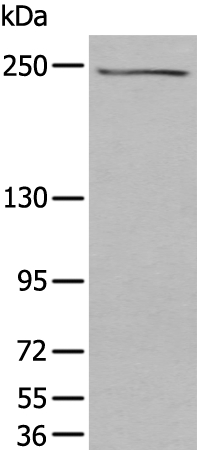 TAF1 Antibody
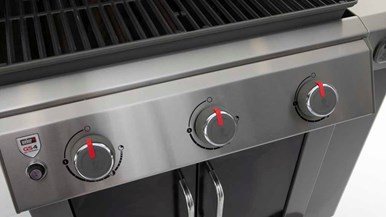 Weber Genesis II E315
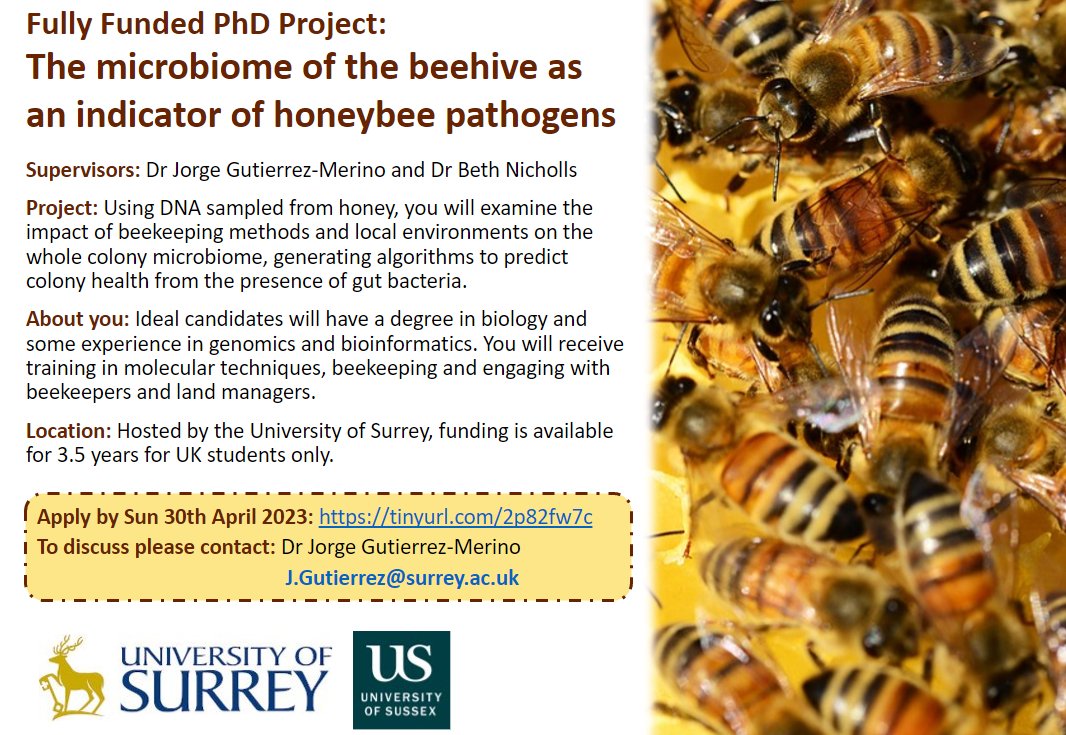 📢Funded PhD Alert📢 🐝We are recruiting a #PhDstudent to work on #bee #microbiomes as a predictor of colony health. 🦠Do contact either myself or @jGUTiLAB to find out more. Apply by 30th April 👇 tinyurl.com/2p82fw7c #Honeybees #Microbiology #Genomics #Bioinformatics #PhD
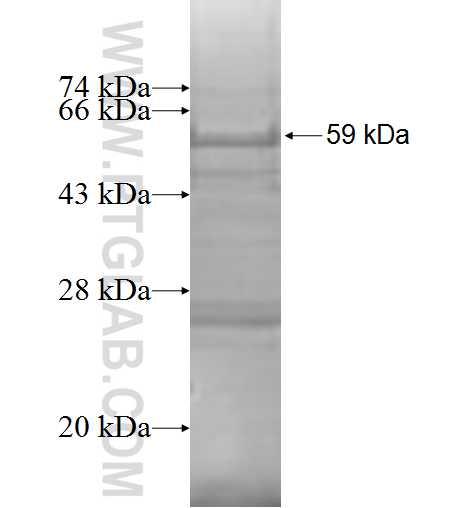 LIPT1 fusion protein Ag8774 SDS-PAGE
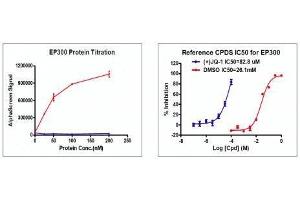 Recombinant p300 (1041-1161) activity using AlphaScreen. (p300 Protein (AA 1041-1161) (His tag,DYKDDDDK Tag))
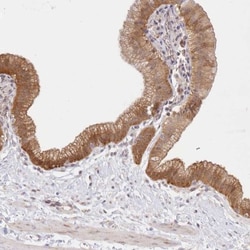 Aminopeptidase B/RNPEP Antibody, Novus Biologicals 0.1mL; Unlabeled:Antibodies,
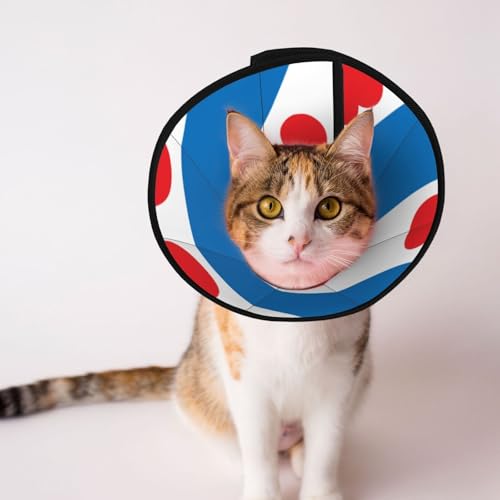 Weiches Hundehalsband mit friesischer Flagge, Depets verstellbar, Genesung, Haustier-Kegel, E-Halsband für Katzen, Kätzchen, Kaninchen, bequemes elisabethanisches Halsband Weiches Hundehalsband mit friesischer Flagge, Depets verstellbar, Genesung, Haustier-Kegel, E-Halsband für Katzen, Kätzchen, Kaninchen, bequemes elisabethanisches Halsband von BOXILTD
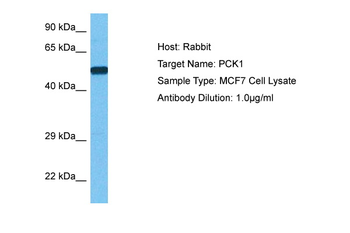 PCK1 Rabbit Polyclonal Antibody
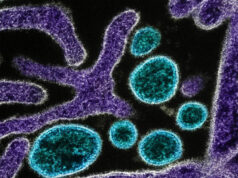 India reports two Nipah virus infections as Thailand, Malaysia step up screening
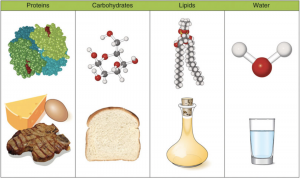 illustration of molecular structures and examplse of the 4 essential macronutrients needed for nutrition: proteins (cheese, eggs, meat), carbohydrates (slice of bread), lipids (a flask of oil), water (glass of water)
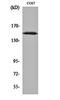 Rho Guanine Nucleotide Exchange Factor 10 antibody, orb160001, Biorbyt, Western Blot image 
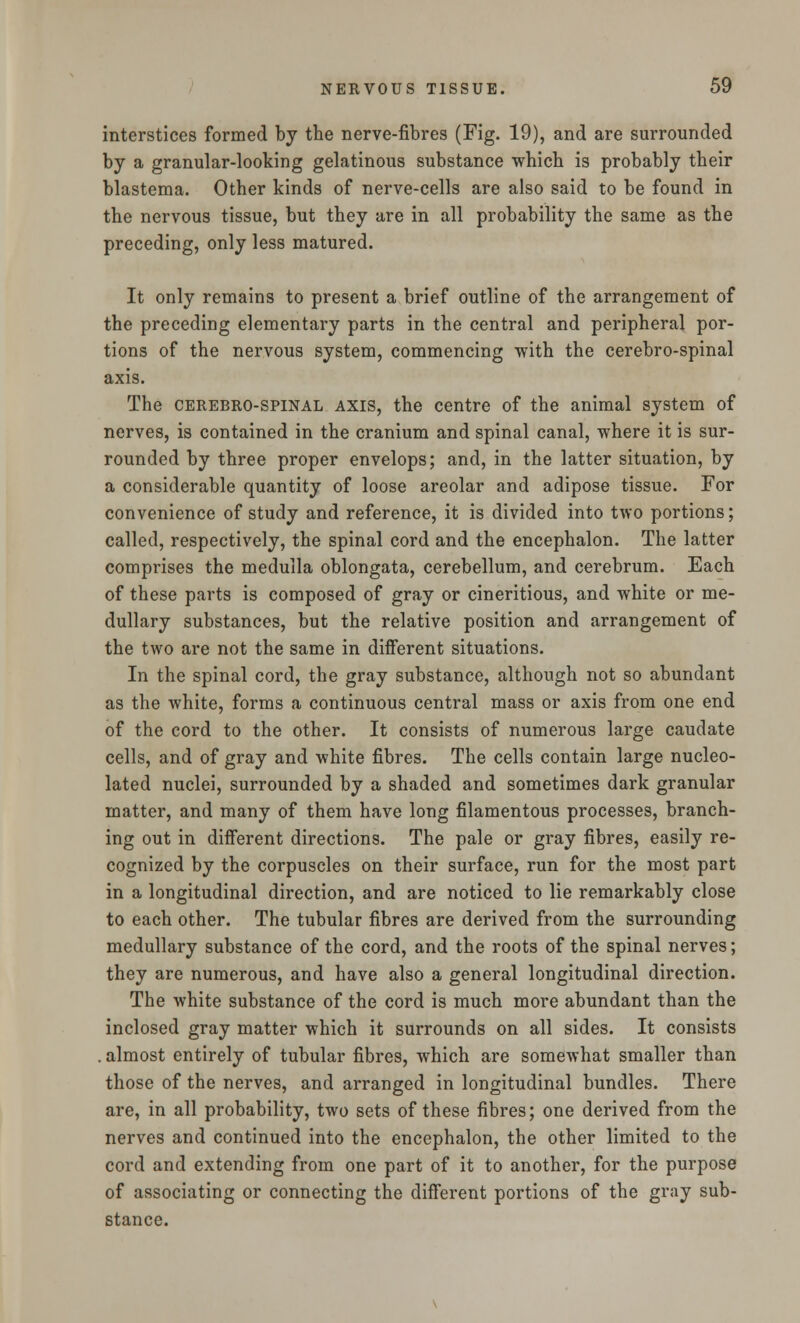 interstices formed by the nerve-fibres (Fig. 19), and are surrounded by a granular-looking gelatinous substance which is probably their blastema. Other kinds of nerve-cells are also said to be found in the nervous tissue, but they are in all probability the same as the preceding, only less matured. It only remains to present a brief outline of the arrangement of the preceding elementary parts in the central and peripheral por- tions of the nervous system, commencing with the cerebro-spinal axis. The cerebro-spinal axis, the centre of the animal system of nerves, is contained in the cranium and spinal canal, where it is sur- rounded by three proper envelops; and, in the latter situation, by a considerable quantity of loose areolar and adipose tissue. For convenience of study and reference, it is divided into two portions; called, respectively, the spinal cord and the encephalon. The latter comprises the medulla oblongata, cerebellum, and cerebrum. Each of these parts is composed of gray or cineritious, and white or me- dullary substances, but the relative position and arrangement of the two are not the same in different situations. In the spinal cord, the gray substance, although not so abundant as the white, forms a continuous central mass or axis from one end of the cord to the other. It consists of numerous large caudate cells, and of gray and white fibres. The cells contain large nucleo- lated nuclei, surrounded by a shaded and sometimes dark granular matter, and many of them have long filamentous processes, branch- ing out in different directions. The pale or gray fibres, easily re- cognized by the corpuscles on their surface, run for the most part in a longitudinal direction, and are noticed to lie remarkably close to each other. The tubular fibres are derived from the surrounding medullary substance of the cord, and the roots of the spinal nerves; they are numerous, and have also a general longitudinal direction. The white substance of the cord is much more abundant than the inclosed gray matter which it surrounds on all sides. It consists . almost entirely of tubular fibres, which are somewhat smaller than those of the nerves, and arranged in longitudinal bundles. There are, in all probability, two sets of these fibres; one derived from the nerves and continued into the encephalon, the other limited to the cord and extending from one part of it to another, for the purpose of associating or connecting the different portions of the gray sub- stance.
•••••
== Goal of the exercise ==
The copy must match each record exactly, apart from the images, which stay out.

== Result of this task ==
 TAF1 Antibody
 Weber Genesis II E315
 📢Funded PhD Alert📢 🐝We are recruiting a #PhDstudent to work on #bee #microbiomes as a predictor of colony health. 🦠Do contact either myself or @jGUTiLAB to find out more. Apply by 30th April 👇 tinyurl.com/2p82fw7c #Honeybees #Microbiology #Genomics #Bioinformatics #PhD
 LIPT1 fusion protein Ag8774 SDS-PAGE
 Recombinant p300 (1041-1161) activity using AlphaScreen. (p300 Protein (AA 1041-1161) (His tag,DYKDDDDK Tag))
 Aminopeptidase B/RNPEP Antibody, Novus Biologicals 0.1mL; Unlabeled:Antibodies,
 Weiches Hundehalsband mit friesischer Flagge, Depets verstellbar, Genesung, Haustier-Kegel, E-Halsband für Katzen, Kätzchen, Kaninchen, bequemes elisabethanisches Halsband Weiches Hundehalsband mit friesischer Flagge, Depets verstellbar, Genesung, Haustier-Kegel, E-Halsband für Katzen, Kätzchen, Kaninchen, bequemes elisabethanisches Halsband von BOXILTD
 PCK1 Rabbit Polyclonal Antibody
 India reports two Nipah virus infections as Thailand, Malaysia step up screening
 illustration of molecular structures and examplse of the 4 essential macronutrients needed for nutrition: proteins (cheese, eggs, meat), carbohydrates (slice of bread), lipids (a flask of oil), water (glass of water)
 Rho Guanine Nucleotide Exchange Factor 10 antibody, orb160001, Biorbyt, Western Blot image 
 interstices formed by the nerve-fibres (Fig. 19), and are surrounded by a granular-looking gelatinous substance which is probably their blastema. Other kinds of nerve-cells are also said to be found in the nervous tissue, but they are in all probability the same as the preceding, only less matured. It only remains to present a brief outline of the arrangement of the preceding elementary parts in the central and peripheral por- tions of the nervous system, commencing with the cerebro-spinal axis. The cerebro-spinal axis, the centre of the animal system of nerves, is contained in the cranium and spinal canal, where it is sur- rounded by three proper envelops; and, in the latter situation, by a considerable quantity of loose areolar and adipose tissue. For convenience of study and reference, it is divided into two portions; called, respectively, the spinal cord and the encephalon. The latter comprises the medulla oblongata, cerebellum, and cerebrum. Each of these parts is composed of gray or cineritious, and white or me- dullary substances, but the relative position and arrangement of the two are not the same in different situations. In the spinal cord, the gray substance, although not so abundant as the white, forms a continuous central mass or axis from one end of the cord to the other. It consists of numerous large caudate cells, and of gray and white fibres. The cells contain large nucleo- lated nuclei, surrounded by a shaded and sometimes dark granular matter, and many of them have long filamentous processes, branch- ing out in different directions. The pale or gray fibres, easily re- cognized by the corpuscles on their surface, run for the most part in a longitudinal direction, and are noticed to lie remarkably close to each other. The tubular fibres are derived from the surrounding medullary substance of the cord, and the roots of the spinal nerves; they are numerous, and have also a general longitudinal direction. The white substance of the cord is much more abundant than the inclosed gray matter which it surrounds on all sides. It consists . almost entirely of tubular fibres, which are somewhat smaller than those of the nerves, and arranged in longitudinal bundles. There are, in all probability, two sets of these fibres; one derived from the nerves and continued into the encephalon, the other limited to the cord and extending from one part of it to another, for the purpose of associating or connecting the different portions of the gray sub- stance.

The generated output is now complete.